The utility model relates to a spherical double-layer spiral filler, comprising an outer keel frame-shaped filler and an inner spherical spiral filler, wherein the inner spherical spiral filler is a sphere with spiral textures on the surface, and can be suspended and moved freely in the outer keel frame-shaped filler. During operation, the outer filler is fixed relative to the tower body, and the inner filler can be suspended and floated in the outer filler, and both the inner and outer fillers play a role in gas-liquid mass transfer, thereby effectively increasing the filler specific surface area, improving the mass transfer efficiency of the packing tower, and increasing the gas volume treated; the packing is evenly stacked, avoiding the generation of filler bridges and cavities, etc., which can reduce tower resistance, reduce the height of the packing layer, and reduce the investment and operation cost of the packing tower.

Description

A spherical double-layer spiral packing

technical field

The utility model relates to a packing, in particular to a spherical double-layer spiral packing used in a coking industrial packing tower.

Background technique

In the coking industry, packed towers are often used to purify coke oven gas.
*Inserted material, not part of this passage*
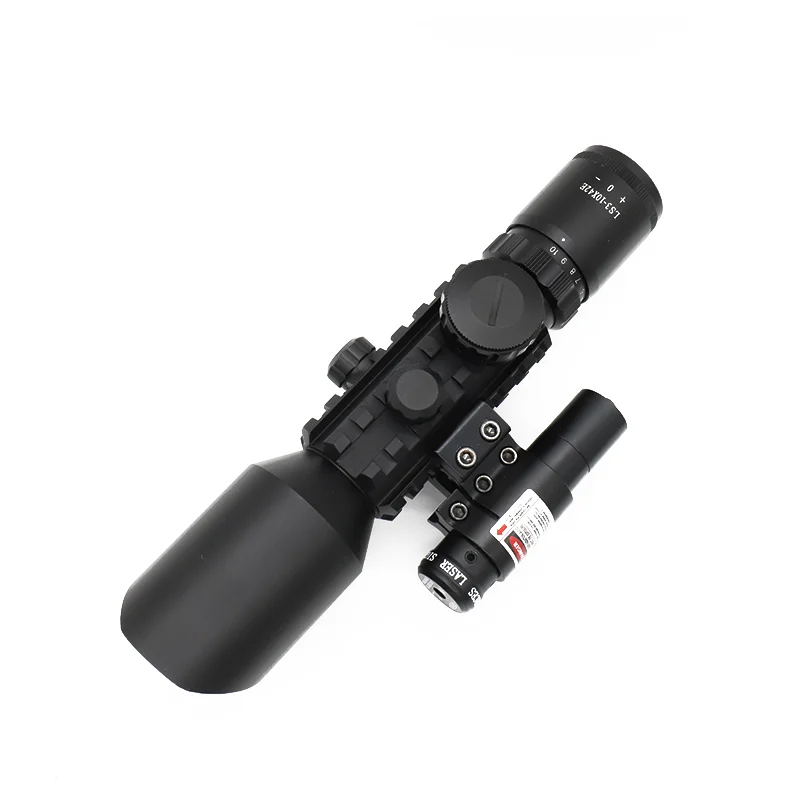 M9 Red Laser 3-10X42EG Red Green Illumination Hunting Sight Scope With Red Dot Laser Metal Telescope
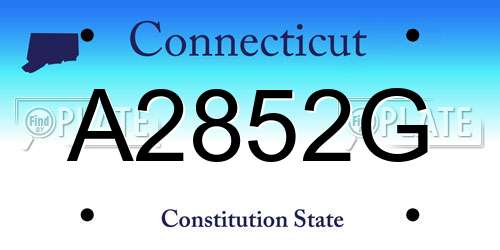 A2852G Connecticut License Plate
Through the gas-liquid countercurrent contact in the packed tower, the liquid medium absorbs part of the substances in the gas medium, so as to achieve the purpose of purifying the gas medium. The packing in the traditional packed tower is often fixed and compacted. Due to the wall flow of the packing itself, the gas and liquid go their own way, the mass transfer efficiency is not high, and bridging and cavitation often occur. In order to meet the mass transfer effect, the packed tower is forced to be thicker and taller, resulting in an increase in liquid circulation, and a great waste of equipment investment and operating costs.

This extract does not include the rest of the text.